(前回はこちら→「日本のロケットベンチャー、国際会議に見参!」)
アデレードで開催されたIAC(International Astronautical Congress、国際宇宙会議)2017にて、閉会前日の9月28日の夜7時すぎ、運営側からすべての参加者に対して一斉メールが送られた。
親愛なるDelegateの皆様(注・IACの参加者は、各組織の「代表」Delegateと捉えられている)
わたしたちは、みなさまの多くが14時からのイーロン・マスクの話を聞きたいのではないかと予想します。そこで、参加者のみなさまのホールへのアクセスを管理するために、以下のような方法を採ります。
・北アトリウムとスカイウェイ通路のドアは朝9時から閉鎖。普段ここから出入りしている人は注意してください。
・11時15分からは、南アトリウムも閉鎖。13時10分にふたたび開放され、ここがホールへの唯一の入り口となります。
・13時よりも前に、列を作ることは禁止です。
・ホールが満員になった場合も、参加者はロビーに設置した大スクリーンなどでその様子を見ることが出来ます。また、スペースX社のライヴストリームで視聴することも可能です。
ちょっと異例のお達しだった。
最終日の一番最後の「出し物」として予定されていたスペースX社、イーロン・マスク氏のプレゼンテーションで想定される混乱を避けるために、運営側は入り口を限定して、人の流れを制御する方法に出た。
同じ大ホールを使った集まりとしては、開幕セレモニーや、各国宇宙機関の長が集まってのパネルディスカッションなどがあったが、いずれも時間になったら三々五々席に向かえばよいもので、このような厳重な規制はなかった。
「イーロン・マスク・オンステージだ!」
さて、当日。
午前中の諸々のセッションが終わると、IACの参加者たちはそわそわしはじめた。
列を作るのは禁止だが、そのへんにたむろするのは構わないだろうとばかりに、ざっくり場所取りする人たちも現れた。
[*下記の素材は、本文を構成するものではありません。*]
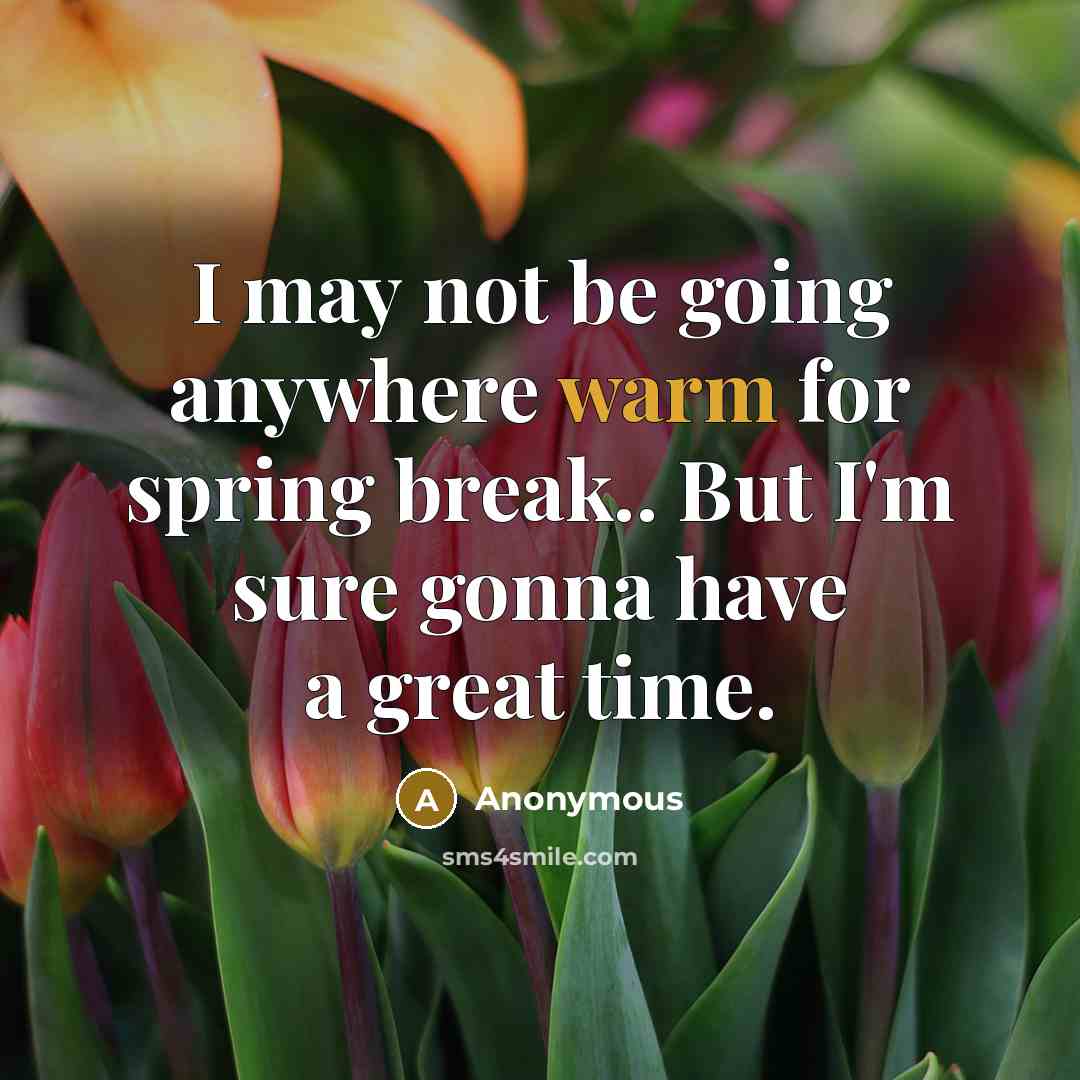 “I may not be going anywhere warm for spring break.. But I'm sure gonna have a great time.” quote by Anonymous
そして、13時をすぎると、すみやかに列ができた。

何人くらいいるだろう。コンベンションセンターの屋外にいったん出てから並ぶことになるのだが、横列に10人くらいが並んだ状態で200メートルくらいは続いている。アイドルの握手会でもあるまいに(いや、昨今、これだけの人数を動員できるアイドルは少なかろう)、一癖も二癖もある宇宙業界の剛の者たちが、目を輝かせて粛々と入場開始を待つ姿は、ある意味、象徴的にも思えた。
いまやIACでは、国家が主導する宇宙機関よりも、一民間企業、それも伝統的な航空宇宙産業ではなく、21世紀になってから勃興したニュースペースの申し子がより多くの人たちを惹き付ける。
ぼくもなんとか席を確保し、周囲で「イーロン・マスク・オンステージだ!」とわくわくしている人たちの間で、自然と期待感が高まってきたのだっだ。

なにしろタイトルは“Become a multiplanet species”で、つまり「(人類は)複数の惑星に住む種になる」だ。火星移住計画を推進するマスク氏だから、かねてから示しているヴィジョンをさらに具体的にして発表するのだろう。